The one element of curating this blog that never ceases to astound me is the willingness with which people donate their free time and skill to further research the subjects presented. Last week, you’ll surely recall, there was a huge amount of interest in the story and history of Goblins Pit, Goblins Pit Wood, and the Derry family who lived there. This tiny hamlet, just on the Green Lane between Walsall Wood and Shelfield, seems to have a really engaging history and an important place in the development of Bullings Heath and the wider Walsall Wood.
Research dynamo Andy Dennis – a man of many talents to whom I owe a tremendous debt of gratitude – has put in an immense amount of work and drawn up a diagram of the known history of the Derrys and the houses at Goblins Pit. It’s wonderful, and you may want to download it and print it. It’s quite a big image.
Andy also kindly downloaded the further instalments of ‘The Poor Widow’s Offering’ Which I have combined into a handy, download and print PDF file for your perusal. Download it from the below link (it’s 3.3 megabytes in size, so it may take a while on a slow connection):
Andy had the following to say:
As promised, further episodes of the Charles Derry story. I’m not sure how interested people will be as the narrative is increasingly swamped by an account of his developing faith and leanings toward the Latter Day Saints.

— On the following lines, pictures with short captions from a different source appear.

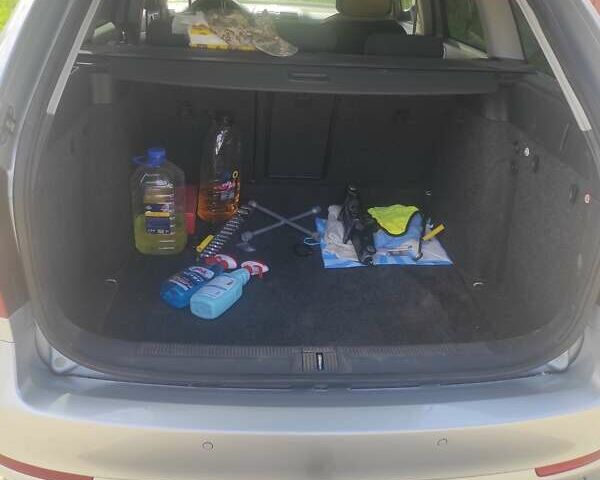 Серый Шкода Октавия, объемом двигателя 1.97 л и пробегом 251 тыс. км за 9500 $, фото 8 на Automoto.ua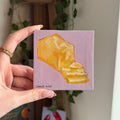 Mini Painting- Butter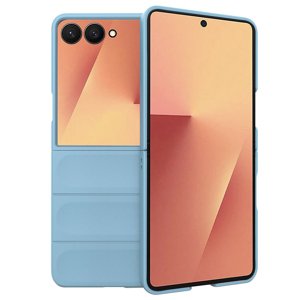 Techsuit - Magic Shield - Samsung Galaxy Z Flip7 - Bleu KF2353884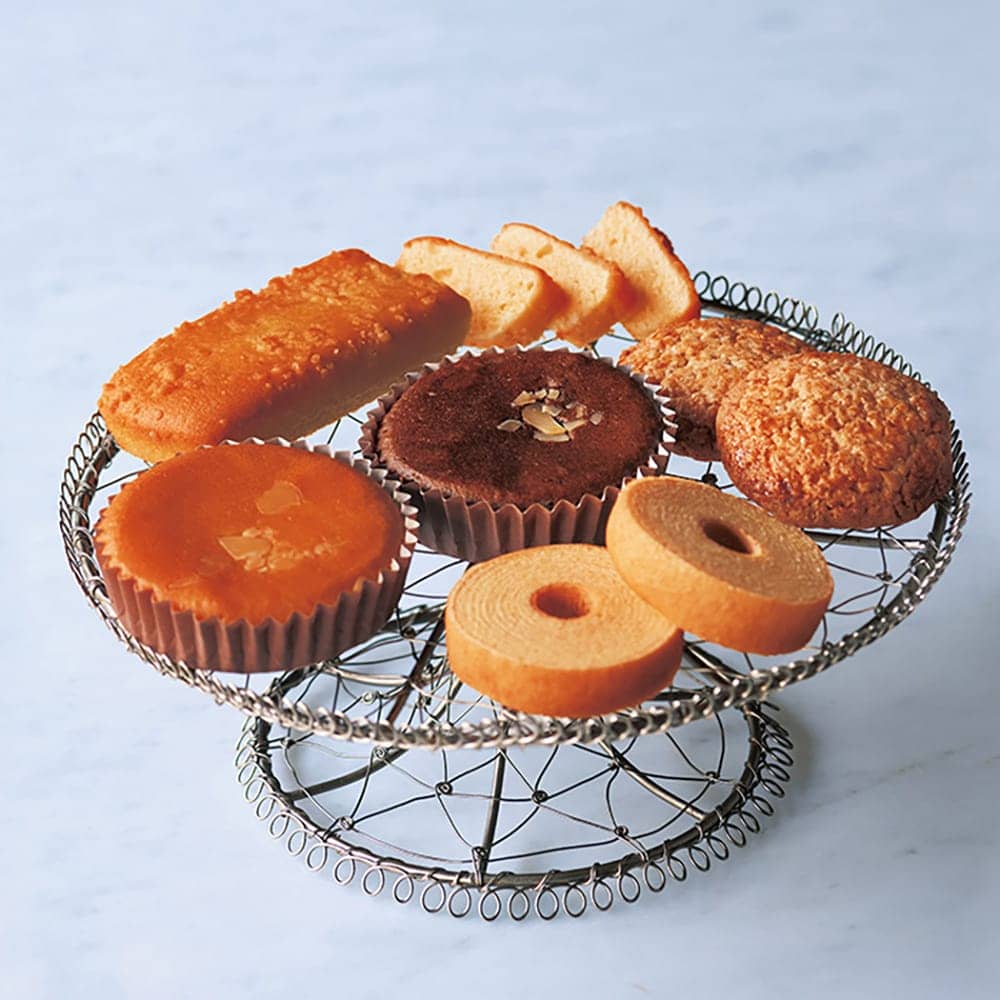Fukagawa Country Fresh Egg Sweets Set D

I have also found various other related bits of information about his family and will forward when I’ve tidied it up. If nothing else, it will at least help some people in the USA who are trying to trace their ancestors through Charles and his brother George.
I reiterate – I’m massively grateful to Andy for his wonderful contributions, on a whole range of stuff. His input on the Tesco planning issue was also calm, informed, and worthy of wider attention. Cheers old chap, I owe you a pint.